I agree, but the numbers cited in the article were that people coughed more during a concert than they did at other times (i.e a higher rate of coughs/hour during classical concerts than “normal”). If people were stifling coughs, you’d expect a lower rate of coughs per hour, even if the coughs happen at quiet/slow moments in the performance.

But it just underscores the lack of methodological details in the report, without which I have to assume the study was flawed. Like, what were the null conditions they measured?


Wonder how much the “imp of the perverse” psychological construct was considered in the “on purpose” aspect…? Sitting there, mentally distracting oneself from a boring bit wondering about “what’s the worst thing one could do at this point?” and then trying not to consider a tickle in the throat…? “It wasn’t me, officer! It was my Id!”
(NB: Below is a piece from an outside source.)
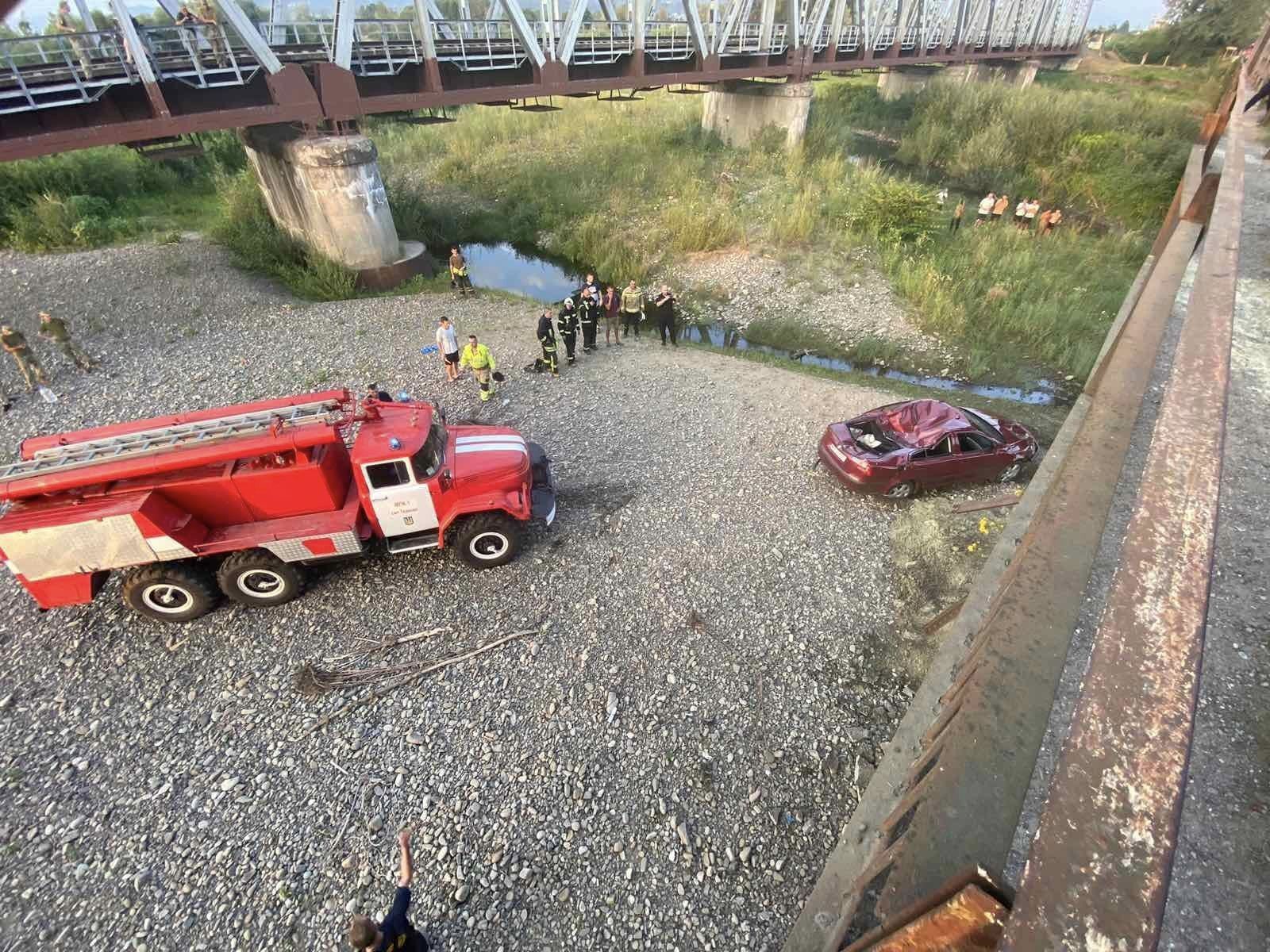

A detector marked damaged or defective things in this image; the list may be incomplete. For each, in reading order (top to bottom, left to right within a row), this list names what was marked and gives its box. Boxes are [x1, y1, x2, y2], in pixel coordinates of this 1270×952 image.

I distinctly remember large amounts of coughing every time there was a pause during the symphony’s performance and felt it strange, but then thought maybe allergy season had something to do with it. Then I thought, why aren’t they coughing while the music is playing? People are just silly.

1 Like

When all that human silliness results in is politeness I’m all for it.


But if people are coughing on purpose, as this post reports, that’s impolite.

Okay, but do you think most are coughing on purpose? I don’t.

I think the rate of coughing could well be higher, but for reasons others have spelled out above, not because most people are perversely doing it on purpose.

Sounds like junk science to me.


It becomes so predictable during a performance that, yes, I think it is purposeful.

Hmm. Well, maybe it comes down to your estimation of other people being more cynical than mine. :person_shrugging:


Maybe it’s allergies to rosin. Or trying not to clear your throat for a while engenders coughs. Or, it’s like telling people, do Not think of orange elephants, whatever you do.


Once again proving people are jerks by default.

I call (cough) bullshit.

1 Like

TBF, I’d cough more if I was sitting on an old velvet chair that might still be stuffed with horsehair, in an auditorium full of generations of other people’s dander and sheddings.

Tho I would also absolutely have brought my hip flask and some sweeties, so there’s that.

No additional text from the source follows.